THE TOWER.—TOWER HILL

xcept Westminster Abbey, no spot in England is so connected with every phase of England’s history as is the Tower of London. A map, printed in the generation before Milton, shows us the ancient moat full of water, and the space within its walls that now is gravelled then covered with greensward. North of St. Peter’s little church, where lay the bones of Anne Boleyn, stretched a row of narrow gabled houses like those seen in the neighbouring London streets. The White Tower, built by William the Conqueror, stands to-day practically as it stood in William’s time and Milton’s. Built of durable flint stones, it has withstood time’s decay as few other buildings erected far more recently have done, when they were of the soft, disintegrating quality of stone so often used in London. True, Christopher Wren faced the windows with stone in the Italian style, and somewhat modernised the exterior, but the interior remains practically as it was built over eight hundred years ago.
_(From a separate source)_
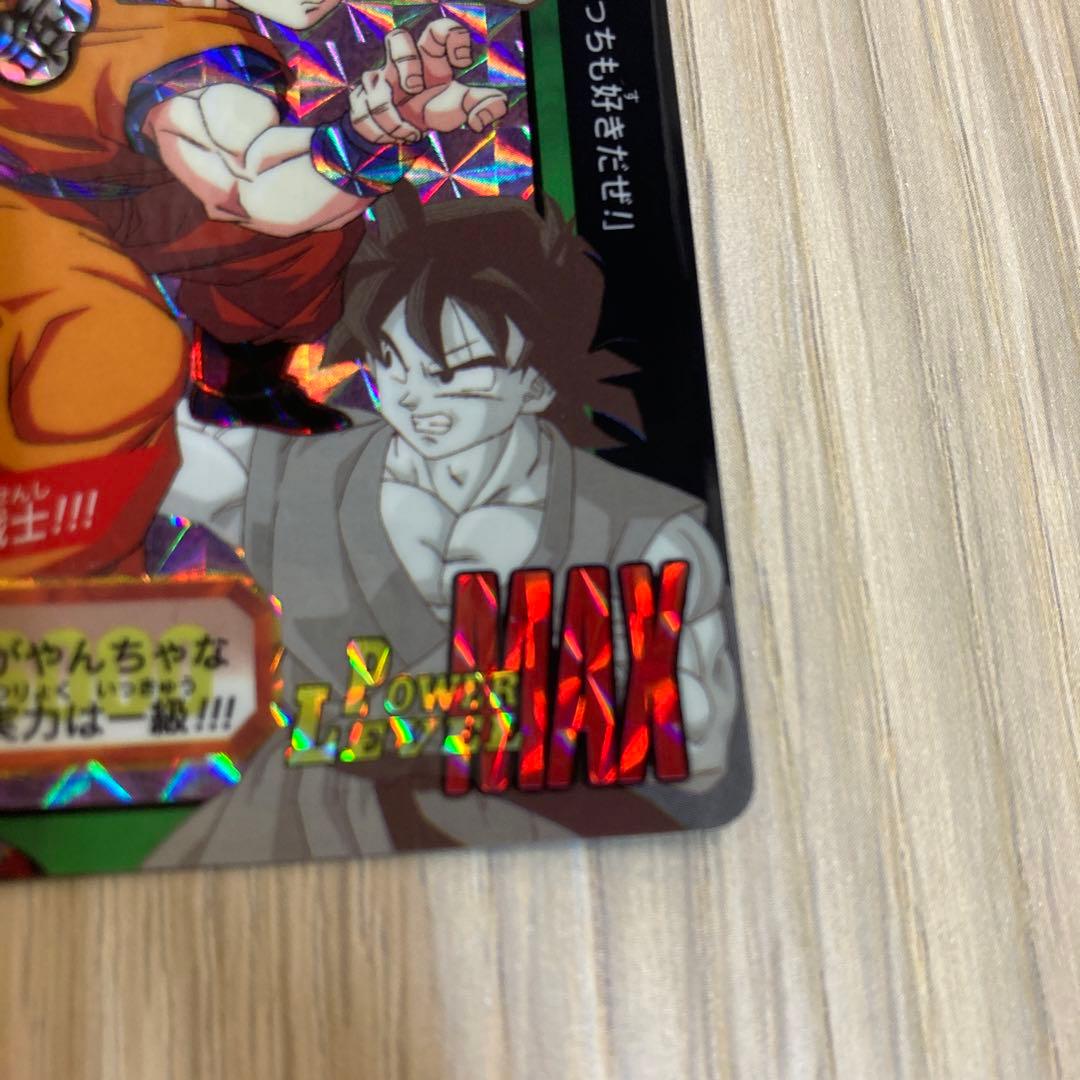 ドラゴンボール 特別弾 No.77 カードダス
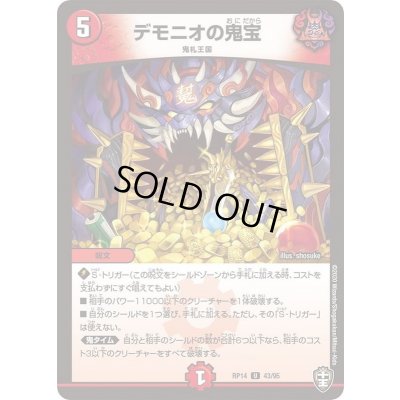 画像1: デモニオの鬼宝【U】{RP1443/95}《火》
As there is no need of duplicating here the main facts about its history, which are to be found in every guide-book, let us confine ourselves to the chief literary and historical associations with it, that must have appealed to the boy and man, John Milton.
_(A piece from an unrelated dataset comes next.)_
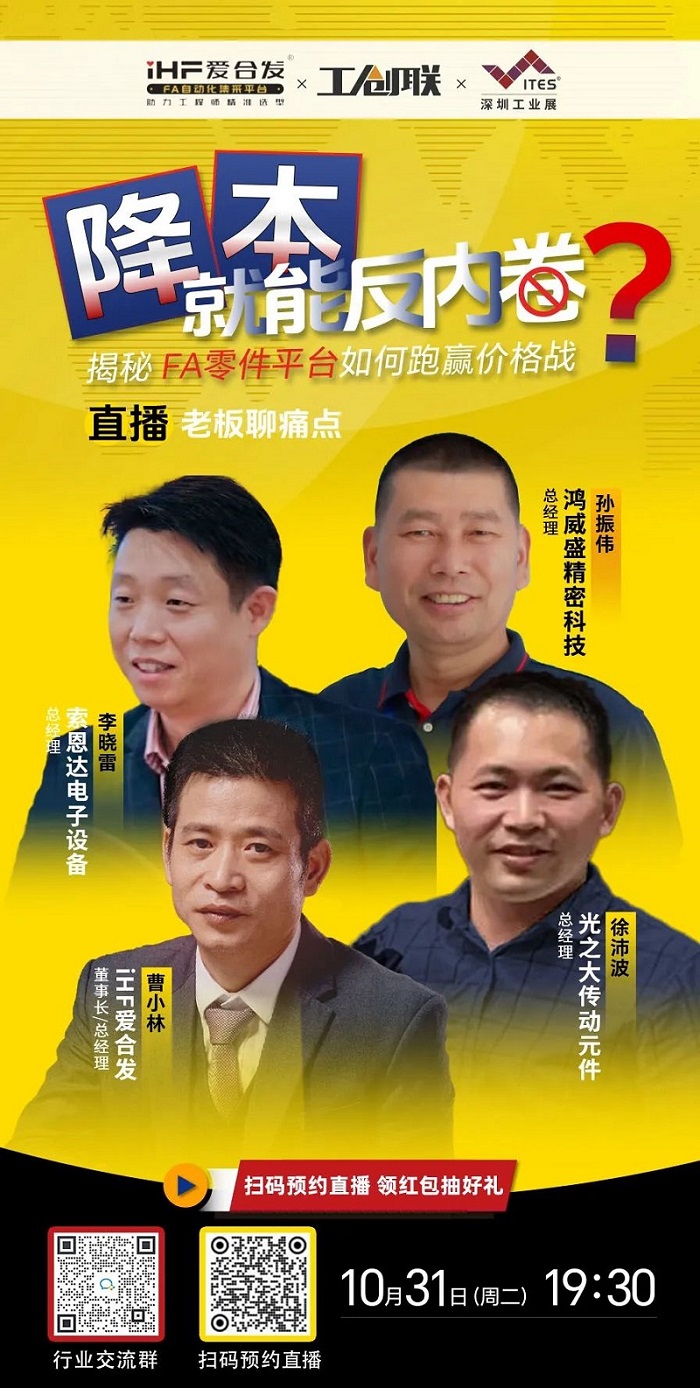 「直播探厂」直击行业痛点，FA零件平台如何跑赢价格战？反内卷？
One can imagine few things more exciting and stimulating to the mind of an observant boy in 1620 than a visit to the Tower. In the days when circuses were unknown, and menageries of strange beasts were a rare sight, the view of such behind the grated walls of Lion’s Tower must have delighted any London lad. The wild beasts were not very numerous,—only a few lions and leopards and “cat lions,”—but no doubt they were as satisfactory as the modern “Zoo” to eyes that were unsatiated with such novelties. Whether small boys were allowed for sixpence to see the rich display of state jewels is not quite clear, yet it is certain that they were shown to strangers.

Says that indefatigable antiquarian, Stow, whose old age almost touched the babyhood of Milton: “This Tower is a citadel to defend or command the city; a royal palace for assemblies or treaties; a prison of state for the most dangerous offenders; the only place of coinage for all England at the time; the armory for warlike provisions; the treasury of the ornaments and jewels of the Crown; and general conserver of the records of the king’s courts of justice at Westminster.”

In Milton’s boyhood, the royal palace in the southeast corner of the inclosure was standing. But in his manhood, his staunch friend, Oliver, having got possession, it was pulled down. The little Norman chapel of St. John, within the Tower, is one of the best bits of Norman work now extant in England. Its triforium, which extends over the aisles and semicircular east end, probably was used in ancient days to permit the queen and her ladies to attend the celebration of the mass, unseen by the congregation below. The chapel was dismantled before Milton’s time. But doubtless as he entered it he could picture in it, more vividly than we in our later age, that scene when from sunset until sunrise forty-six noblemen and gentlemen knelt and watched their armour, before King Henry IV., on the next day, bestowed upon them the newly created Order of the Bath.

In this chapel, while he was kneeling in prayer, the lieutenant of the Tower received an order to murder the young Edward V. and his brother, and refused to obey it. Here Queen Mary attended mass for her brother, Edward VI.

In the present armory, once the council chamber, King Richard II. was released from prison, and sceptre in hand and the crown on his head, abdicated in favour of Henry IV. Shakespeare thus depicts the scene, and puts the following words into the mouth of the mournful king:

“I give this heavy weight from off my head,
And this unwieldy sceptre from my hand,
The pride of kingly sway from out my heart;
With mine own tears I wash away my balm,
With mine own hands I give away my crown,
With mine own tongue deny my sacred state,
With mine own breath release all duteous oaths,
My manors, rents, revenues I forego;
My acts, decrees, and statutes I deny.
God pardon all oaths that are broke to me,
God keep all oaths unbroke are made to thee.
Make me that nothing have with nothing grieved,
And thou with all pleased that hath all achieved!
Long may’st thou live in Richard’s seat to sit,
And soon lie Richard in an earthen pit!
God save King Henry, unkinged Richard says,
And send him many years of sunshine days!”